The second point of comparison is that the kami in the Kojiki are morally neutral and so, when the Founder declared that aikido was a martial art based on love and pointed to the Kojiki to illustrate his point, he was giving his own interpretation here. Christians usually regard their God as a God of love and there is a vast amount of theology which argues that God is to be equated with Goodness and Truth. None of this is evident in the Kojiki, for example. Kami can manifest themselves as benign or destructive according to the treatment they receive. “Treat him correctly with the proper worship and cult attention and with the right and appropriate offerings, and the kami can reasonably be expected to bless, protect and succour the village, to see that the harvest ripens, to ward off floods and drought, to forestall fire and pest. Offend him, on the other hand, either by neglect or by exposure to the pollutions of blood and death, and at once his benevolence wil turn to rage which will smite with fire, sterility and sickness.”16

The third point of comparison is that parts of the Kojiki were written in a certain type of language and the interpretation of this language, known as kotodama, was an art in itself. When kotodama is discussed comparison is often made with such western texts as the ‘logos’ passages at the beginning of the Gospel of John. I do not think the comparison is entirely valid, for reasons that will be discussed below.

The Omoto Religion

I stated earlier that the Founder’s religion was an amalgam of Shinto/Buddhist beliefs and meditation practices further enriched with Omoto practices. What was the influence of the Omoto-kyo on the Founder’s religious outlook? This question is not easy to answer, but, in any case, further explanation of the background is in order.

First, the brief sketch of Shinto given earlier made no mention of the points of contact between the world of humans and the world of the divine. The deities used the ‘floating bridge of heaven’, to descend, but there is no mention of any recognised means of travel in the other direction. For Catholic Christians the ‘official’ point of contact between God and the world is the priest, but priests are not required to have any special personal powers to make baptism, for example, effective as a sacrament.

The Founder’s religious outlook was rather different. To begin with, Shinto imposes no restrictions on the ways in which deities and humans could interact and the Founder came from an area of Japan especially renowned for such interaction. The Kumano district had a special importance in Shinto, while the monastery complex on Mt. Koya is still a major centre of Japanese Buddhism. The area was populated by yamabushi and shamans, both of whom were credited with special links to the divine. Nao Deguchi, for example, the founder of Omoto-kyo, was a shaman and believed that a deity, Ushitora-no-Konjin, spoke through her. Reikai Monogatari, Onisaburo Deguchi’s massive ‘Tales of the Spirit World’, are supposed to be the records of an actual spiritual journey made during a trance-like state.17

The general belief underlying all this was that certain persons, after undergoing special preparation, usually severe ascetic training, could use special rituals to cause the kami to come from their world to that of humans (that is, if the kami themselves did not arrive uninvited, which they often did), or themselves escape from the constraints of the body and visit the spirit world.18 I think that Christians would accept all this with varying degrees of discomfort, depending on their affiliation. Spiritualism is not alien to Christianity, but revelation from God is considered too important a matter to be put in the hands of random individuals. Moreover, because of their belief in the incarnation of Christ, I think that Catholic Christians would find it difficult to accept visions or prophecies which revealed things of importance to anyone except the visionary or prophet.
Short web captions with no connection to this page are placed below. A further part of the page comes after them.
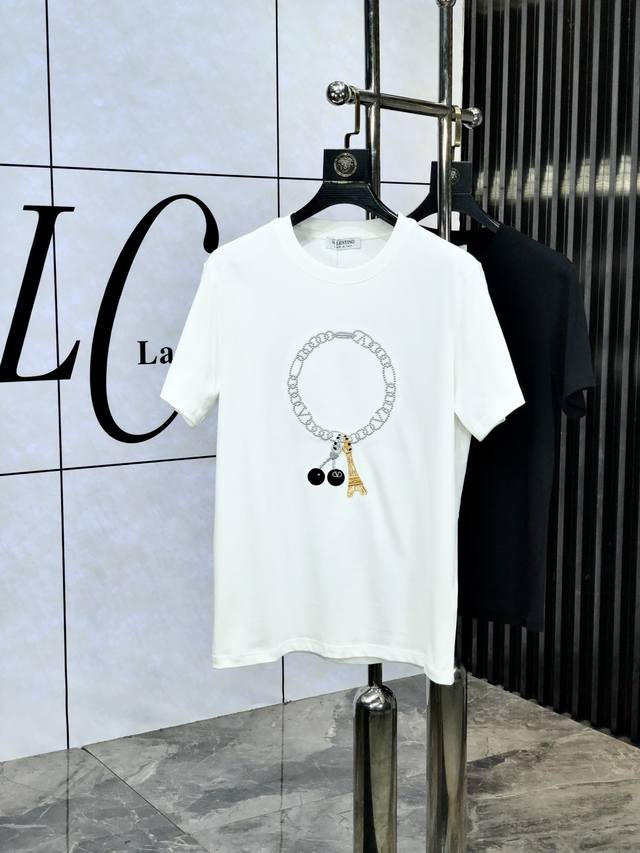 Valentino. Top-quality products. 2025 Spring and Summer new models. Latest short
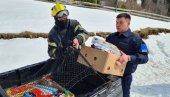 SPASIOCI DOSTAVILI HRANU I LEKOVE: Teška situacija u zavejanim selima na Goliji (FOTO) SPASIOCI DOSTAVILI HRANU I LEKOVE: Teška situacija u zavejanim selima na Goliji (FOTO)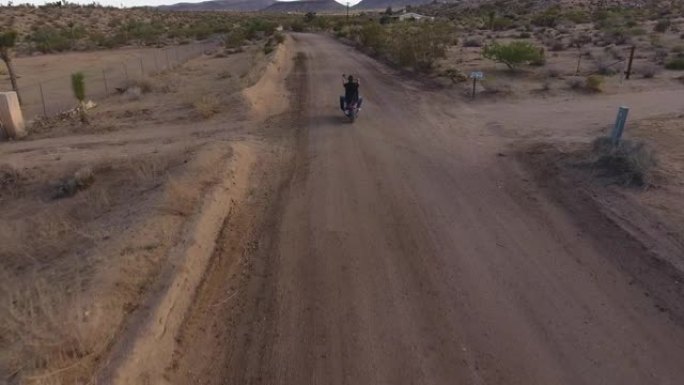 莫哈韦沙漠公路上的摩托车手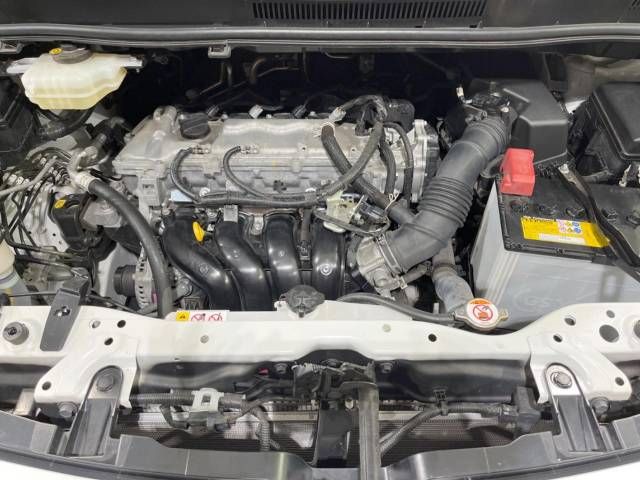 Toyota VOXY 2020-09 18599-19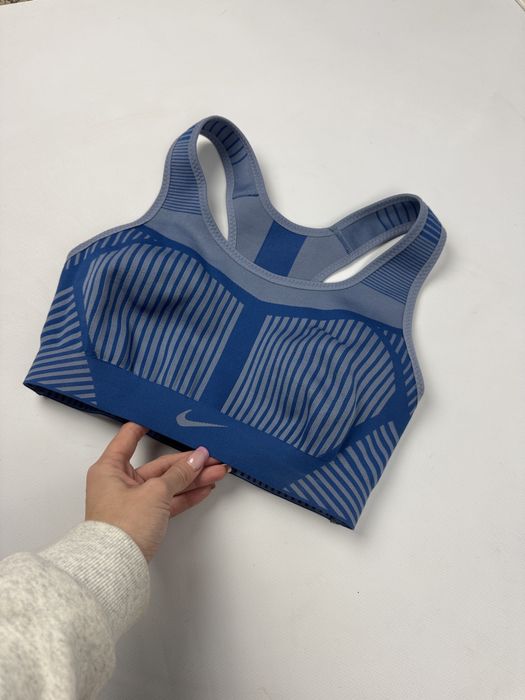 Спортивний топ Nike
Secondly, Omoto was one of Japan’s ‘new religions’. Just as people like shamans were able to have special relationships with the deities in which they believed, relationships which included reincarnation or special revelations from the deities, there was a corresponding tendency for these intense relationships to result in a new religion. This tendency was due, I believe, to the clannishness which is characteristic of Japanese culture. Thus Nao Deguchi was originally a member of Konkokyo, a religion centred around a deity known as Konjin, but after her growing fame began to attract disciples, she eventually left this religion to found Omoto-kyo. This religion became a major spiritual movement with the arrival of Onisaburo Deguchi and although it is no longer the force it used to be, there are aikido acquaintances of mine here in Hiroshima who are Omoto believers and practise its rituals.
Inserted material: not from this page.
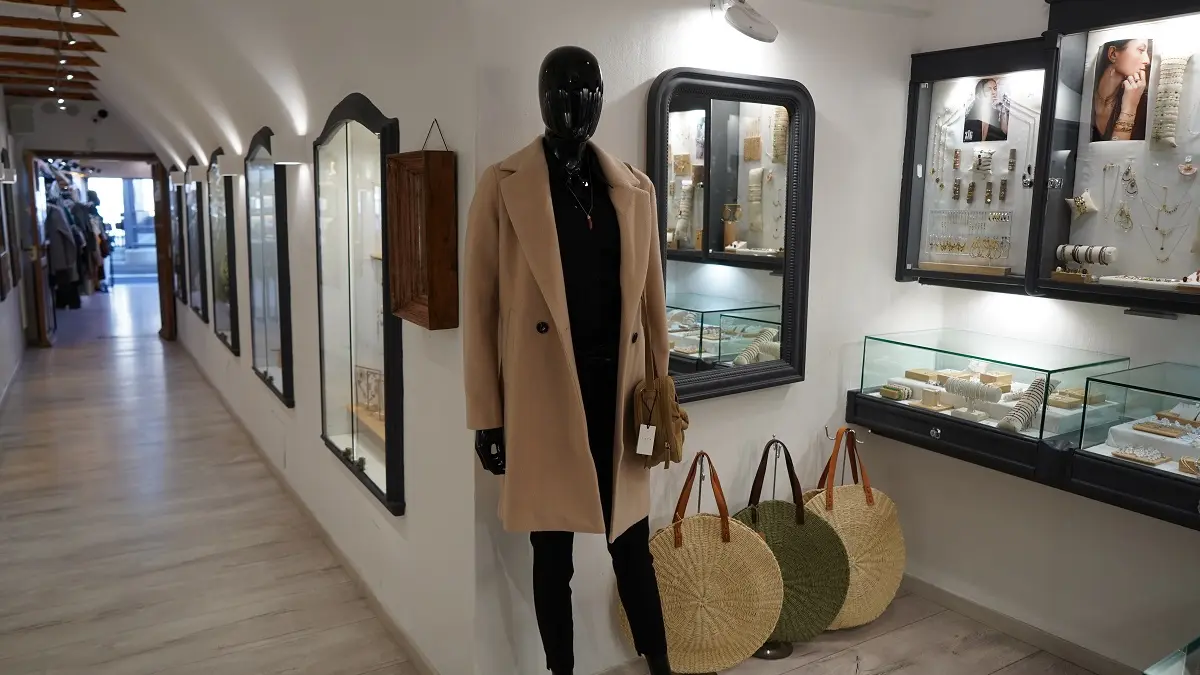 Boutique-monbijoux-vetement-marine-corsica-Bonifacio.jpg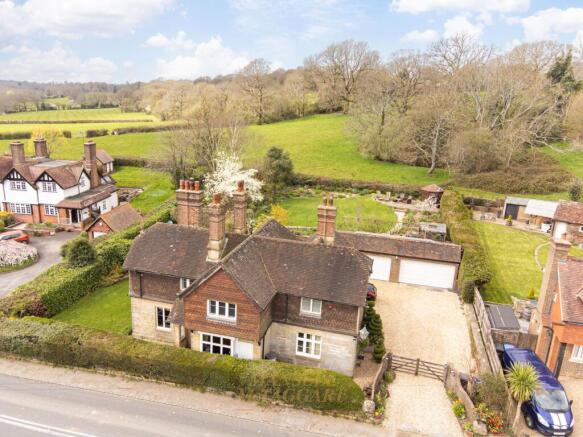 4 bed property, in Selsfield Road, £865,000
It is also not particularly surprising that in the turbulent times following the Meiji restoration and Japan’s expansion as a military power, ‘new’ religions like Omoto tended to preach utopianism: the imminent arrival of a new golden age, which would put an end to the wicked past and present. Thus a cardinal feature of Omoto was an idea to unite all religions in a universal brotherhood. This was the “overarching concept” behind Onisaburo Deguchi’s World Religious Federation, which met in 1925. “Onisaburo maintained that all religions stemmed from the same divine impulse, there being but one God. But that impulse might fall in highly diverse cultural milieux at epochs in history quite remote from each other, thus producing religions of great contrast. No matter how different they might seem, however, by virtue of their common origin, all religions are brothers and sisters and should honour and respect one another. In fact, we should esteem variation in the garden of religion. Who wants flowers to be all the same colour?” Deguchi was also a great believer in the use of Esperanto, a “universal language to help transcend the imbroglio of languages already in existence”, which would be the vehicle for this “sacred religion of love and brotherhood”.19

There is a certain naivety about all this. First, it is simply false that a manufactured pseudo-language like Esperanto could ever replace the language cultures that have evolved over millennia, let alone ‘transcend’ them, whatever this means. Language does not work like this. Secondly, the idea of ‘uniting’ all religions is a pipe dream. Religions tend to be closely bound up with the cultures in which they are embedded and Shinto is certainly no exception. The suggestion that religions as diverse as Catholicism, Protestantism and Islam would unite under the leadership of the writer of a collection of tales like Reikai Monogatari is not one to take seriously. I do not think the average Catholic Christian or Muslim regards his religion like one among many species of flower. Thirdly, assuming that the idea of ‘uniting’ religions under one head has any sense at all, Omoto-kyo is a singularly bad example to choose as the head. Omoto itself was a spin-off from Konkokyo and also spawned other offshoots like Seicho-no-ie.20

It is sometimes said that aikido is not itself a religion but that aikido practice ‘completes’ or ‘complements’ religious beliefs and practice. I wonder whether this typically Japanese way of thinking does not bear traces of the Omoto-kyo idea described above. The idea that aikido practice complements one’s religious activities is harmless enough, but this is quite different from the notion that a religion like Christianity, for example, or Islam is somehow ‘incomplete’ and that a martial art, albeit one based on love, will somehow bring it to perfection. I would not expect the average Christian or Muslim to take kindly to this way of thinking. There is also a problem of terminology. It might well be true that aikido is not a religion in the strict sense of a body of people united by the same beliefs about the divine, but the Founder clearly considered that he was engaged in an activity which was, to all intents and purposes, religious.

‘Touching’ the Divine

There is one more important matter to consider in any examination of the Founder’s religious practices and their relevance for aikido: the general use he made of what we might loosely call meditation, techniques such as chinkon-kishin, and the role of language, or sounds, in meditation. This latter is commonly called kotodama (‘word-spirit’) and is thought to play a major role in the Founder’s spiritual scheme of things. Chinkon-kishin is usually practised before aikido training in the form of funa-kogi (‘boat-rowing’) and furitama (‘shaking the spirit’) and as a calming exercise afterwards, but I have found very little evidence of kotodama practice in present-day aikido.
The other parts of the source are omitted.